-- Assigned task --
Only the lines from the beginning of the data through the line holding "Holiday Inn Express" belong in the answer, printed exactly and without pictures.

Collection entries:
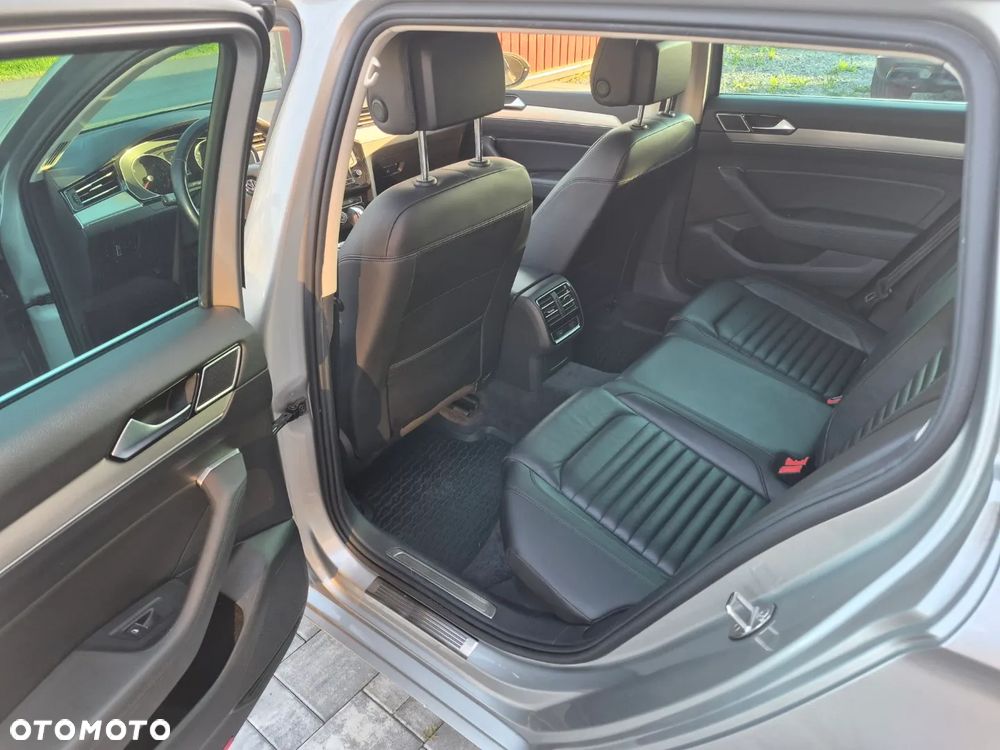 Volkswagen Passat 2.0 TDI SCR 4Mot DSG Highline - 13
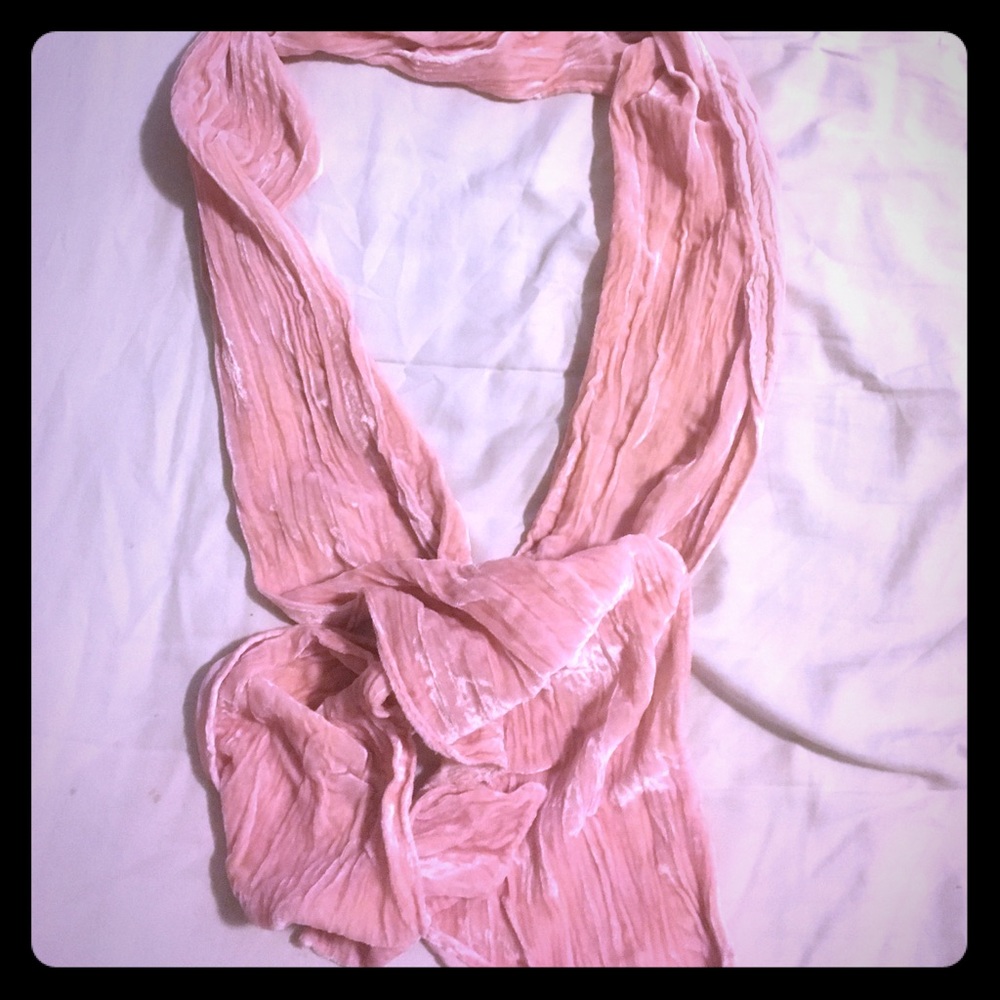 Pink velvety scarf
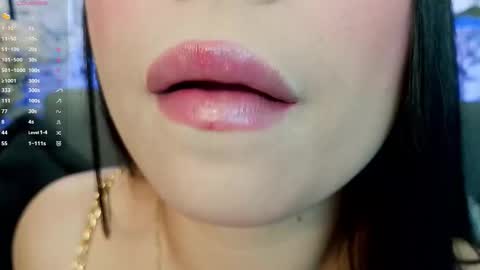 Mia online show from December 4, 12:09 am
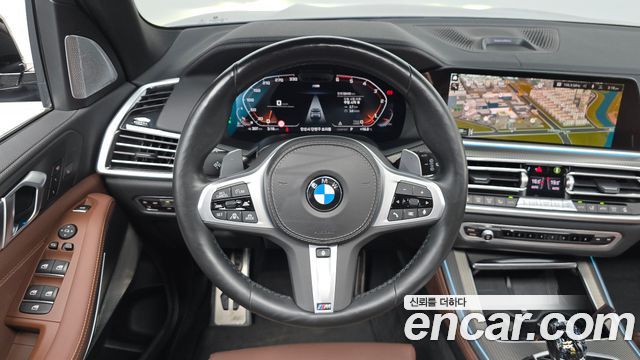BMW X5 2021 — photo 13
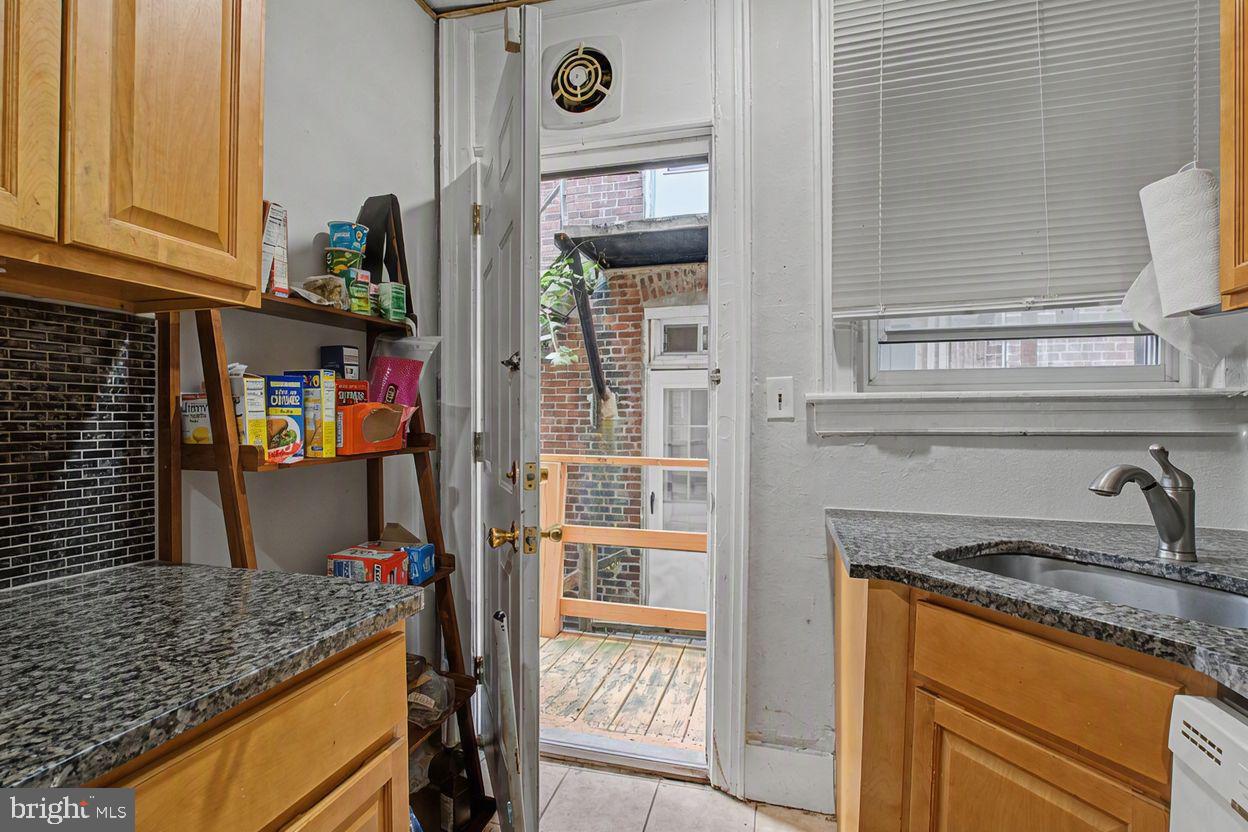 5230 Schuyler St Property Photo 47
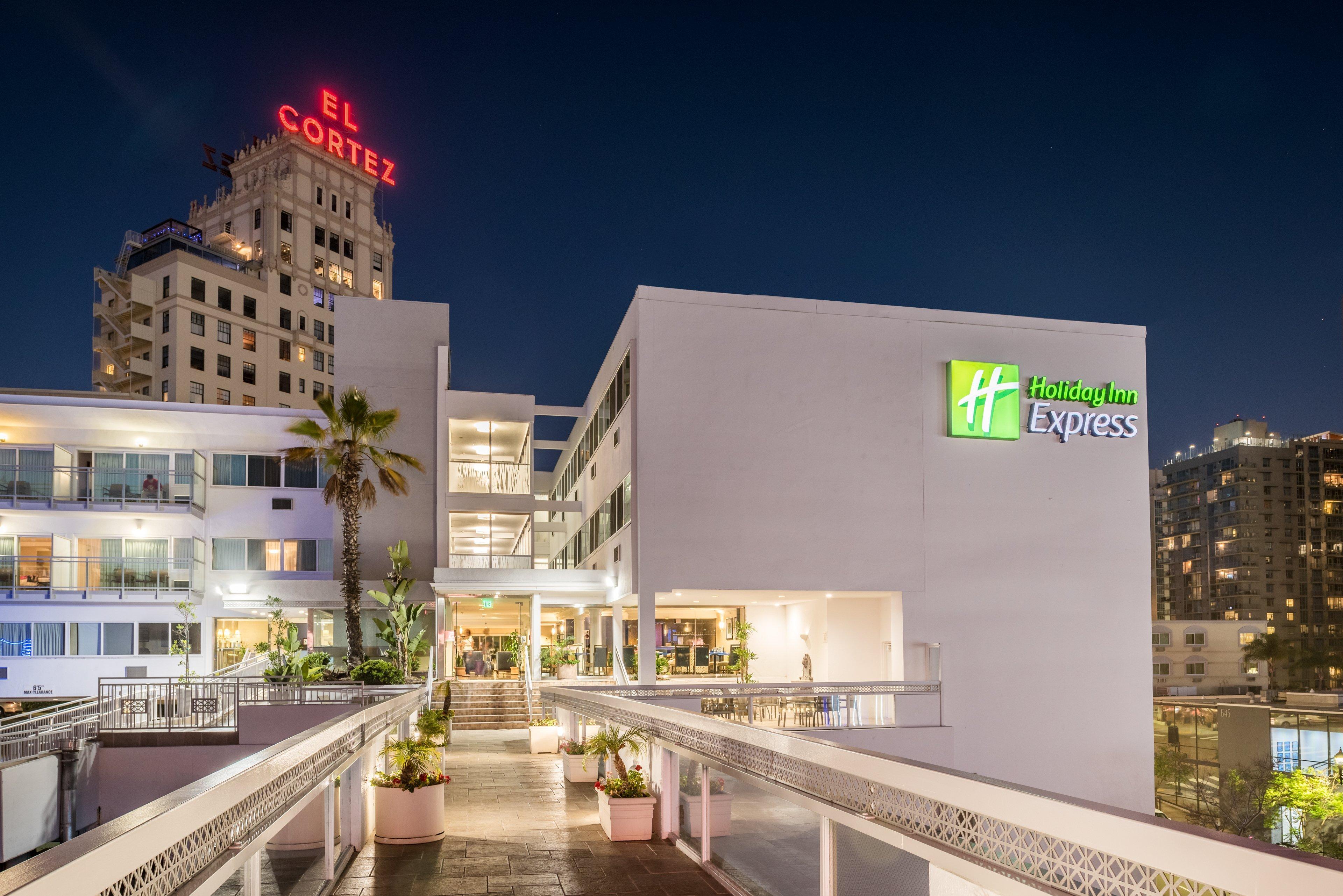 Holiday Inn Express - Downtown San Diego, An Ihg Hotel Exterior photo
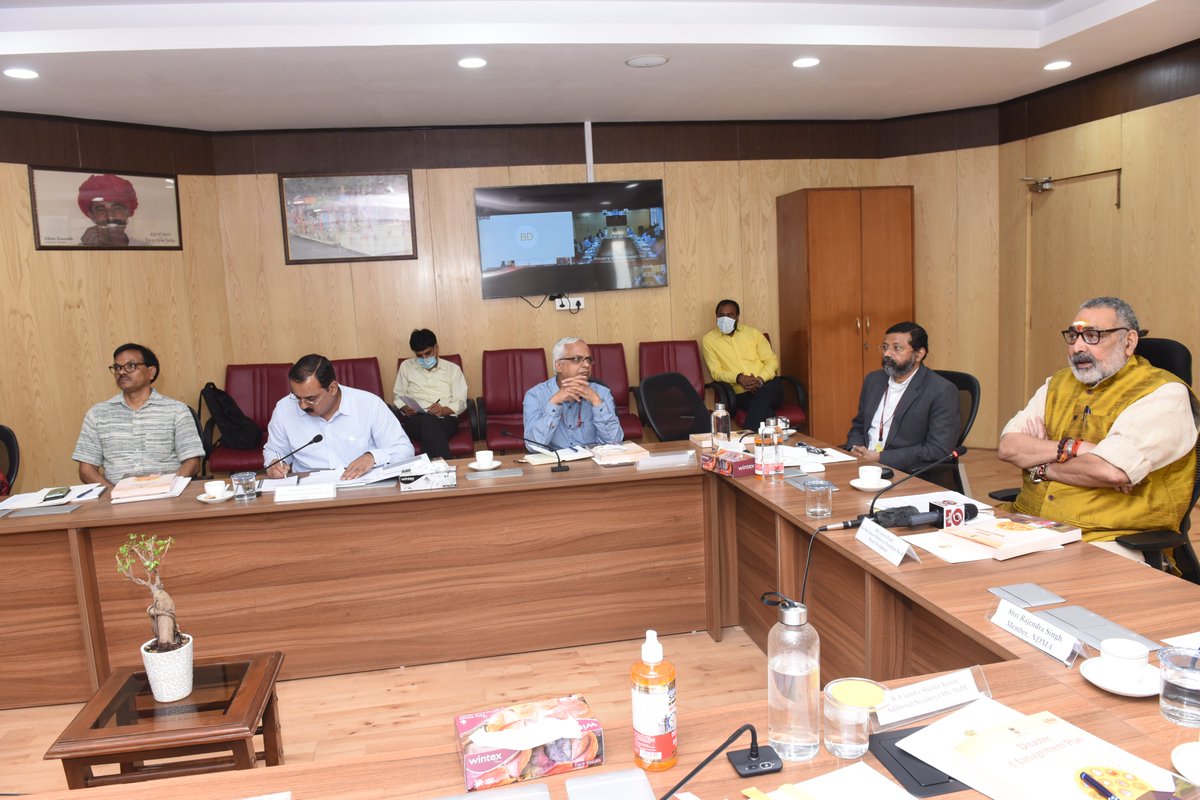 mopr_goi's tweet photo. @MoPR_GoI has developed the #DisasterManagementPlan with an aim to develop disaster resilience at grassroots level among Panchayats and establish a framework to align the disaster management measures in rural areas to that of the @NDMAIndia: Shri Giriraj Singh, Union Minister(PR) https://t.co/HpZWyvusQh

-- Task result --
 Volkswagen Passat 2.0 TDI SCR 4Mot DSG Highline - 13
 Pink velvety scarf
 Mia online show from December 4, 12:09 am
BMW X5 2021 — photo 13
 5230 Schuyler St Property Photo 47
 Holiday Inn Express - Downtown San Diego, An Ihg Hotel Exterior photo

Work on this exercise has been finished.